A LDBEN (1996) incorpora esta orientação fazendo com que, doravante, a
política educacional brasileira passasse a afirmar um sistema nacional de avaliação em
detrimento do investimento em um sistema nacional de educação, colocando nas mãos
da união um poder jamais visto. (CURY, 1997).
A partir de então, o Saeb em nível nacional, além de diversas experiências
semelhantes em níveis estaduais foram experimentados, até que em 2005 ocorre uma
importante reconfiguração do Sistema de Avaliação da Educação Básica, passando a ser
composto pela Avaliação Nacional da Educação Básica – ANEB (antigo SAEB) - e pela
Prova Brasil.
Em 2007, é criado o Plano de Desenvolvimento da Educação (PDE) e o Índice
de Desenvolvimento da Educação Básica (IDEB). O IDEB se apresenta com o objetivo
expresso de melhorar a qualidade da educação oferecida às crianças, jovens e adultos.
Permite estabelecer metas e monitorar seu alcance, o que motivou sua criação como
instrumento da ação estratégica do PDE, o Plano de Metas Compromisso Todos pela
Educação, criado também em 2007.
Em troca de auxílio técnico e financeiro, o Plano de Metas Compromisso Todos
pela Educação prevê a adesão de Estados, municípios e o Distrito Federal, o que já
aconteceu na sua totalidade. Portanto, com notas de zero a dez, o IDEB indica se
municípios, Estados e o Distrito Federal alcançaram as metas pré-estabelecidas.
Do ponto de vista metodológico, a Prova Brasil adota o marco teórico e os
mesmos procedimentos e técnicas do Sistema Nacional de Avaliação da Educação
Básica: Matrizes de Referência; testes padronizados; uso da Teoria de Resposta ao Item
e Escalas de Proficiência para análise de dados e apresentação de resultados. Do mesmo
modo, o SAEB foi compatibilizado com o Pisa (Programa Internacional de Avaliação
de Estudantes), projeto comparativo de avaliação desenvolvido pela OCDE
(Organização para Cooperação e Desenvolvimento Econômico).

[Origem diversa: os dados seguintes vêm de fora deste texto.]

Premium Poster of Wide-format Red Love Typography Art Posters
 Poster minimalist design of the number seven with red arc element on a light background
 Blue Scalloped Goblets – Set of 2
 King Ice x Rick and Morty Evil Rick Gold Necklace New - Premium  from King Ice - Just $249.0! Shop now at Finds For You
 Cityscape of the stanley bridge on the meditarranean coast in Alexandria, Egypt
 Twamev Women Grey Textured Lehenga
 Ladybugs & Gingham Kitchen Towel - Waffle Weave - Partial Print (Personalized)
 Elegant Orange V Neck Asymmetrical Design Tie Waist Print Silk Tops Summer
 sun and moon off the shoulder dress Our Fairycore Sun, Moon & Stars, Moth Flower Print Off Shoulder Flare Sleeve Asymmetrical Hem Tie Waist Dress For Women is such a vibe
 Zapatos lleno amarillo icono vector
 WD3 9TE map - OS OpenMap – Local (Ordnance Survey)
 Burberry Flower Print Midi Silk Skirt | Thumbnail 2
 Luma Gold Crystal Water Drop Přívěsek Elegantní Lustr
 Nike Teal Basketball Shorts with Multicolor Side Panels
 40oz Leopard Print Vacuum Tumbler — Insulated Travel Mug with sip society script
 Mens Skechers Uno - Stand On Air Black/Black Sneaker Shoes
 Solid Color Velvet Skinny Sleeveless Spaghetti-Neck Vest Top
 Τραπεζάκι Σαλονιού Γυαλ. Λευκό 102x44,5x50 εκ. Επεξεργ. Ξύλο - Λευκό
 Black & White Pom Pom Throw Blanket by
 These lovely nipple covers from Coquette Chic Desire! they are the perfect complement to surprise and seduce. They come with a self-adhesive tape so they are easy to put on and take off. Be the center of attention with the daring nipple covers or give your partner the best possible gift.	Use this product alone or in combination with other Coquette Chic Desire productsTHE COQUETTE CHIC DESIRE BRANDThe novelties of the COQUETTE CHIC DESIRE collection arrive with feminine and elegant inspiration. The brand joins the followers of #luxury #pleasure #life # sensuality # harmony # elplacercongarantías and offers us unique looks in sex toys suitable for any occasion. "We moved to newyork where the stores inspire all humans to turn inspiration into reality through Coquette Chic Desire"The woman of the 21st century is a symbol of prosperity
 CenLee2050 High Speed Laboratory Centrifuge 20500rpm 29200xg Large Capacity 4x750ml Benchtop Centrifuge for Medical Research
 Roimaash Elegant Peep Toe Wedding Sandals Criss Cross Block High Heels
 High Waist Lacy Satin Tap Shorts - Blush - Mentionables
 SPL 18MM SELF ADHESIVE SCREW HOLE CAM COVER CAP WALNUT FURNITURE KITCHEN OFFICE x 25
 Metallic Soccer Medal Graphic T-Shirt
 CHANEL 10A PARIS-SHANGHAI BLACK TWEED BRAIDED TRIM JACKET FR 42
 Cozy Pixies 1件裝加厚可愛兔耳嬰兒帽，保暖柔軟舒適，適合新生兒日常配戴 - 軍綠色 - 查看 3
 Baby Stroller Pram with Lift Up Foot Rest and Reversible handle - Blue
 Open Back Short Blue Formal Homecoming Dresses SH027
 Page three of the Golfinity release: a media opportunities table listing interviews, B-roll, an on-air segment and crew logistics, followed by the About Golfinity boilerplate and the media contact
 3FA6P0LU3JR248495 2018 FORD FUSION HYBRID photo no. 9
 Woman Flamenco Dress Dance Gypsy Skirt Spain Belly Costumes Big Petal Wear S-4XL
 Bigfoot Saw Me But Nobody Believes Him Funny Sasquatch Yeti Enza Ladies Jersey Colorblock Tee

Desta integração dos sistemas de avaliações externas, resultou que para a fixação
da meta nacional, tomou-se como parâmetro o IDEB obtido pelos 20 países mais bem
colocados do mundo, ou seja, nota 6, valor fixado como meta para o Brasil no ano de
2022, quando o país completa 200 anos de sua independência. (UNESCO, 2008b).
A Prova Brasil é um exame de competências aplicado de dois em dois anos que
avalia habilidades em Língua Portuguesa (foco em leitura) e Matemática (foco na
Junqueira&Marin Editores
Livro 2 - p.006677
XVI ENDIPE - Encontro Nacional de Didática e Práticas de Ensino - UNICAMP - Campinas - 2012
resolução de problemas) dos estudantes de ensino fundamental, de 4ª e 8ª séries de
escolas públicas. Enquanto o SAEB avalia a Educação Básica por amostragem, e seus
resultados só podem referir-se ao país e às unidades da federação, a Prova Brasil é
censitária e alcança todos os estudantes das séries avaliadas, de todas as escolas públicas
urbanas do Brasil com mais de 20 alunos. Assim sendo, atinge cada um dos municípios
brasileiros, avaliando praticamente escola por escola.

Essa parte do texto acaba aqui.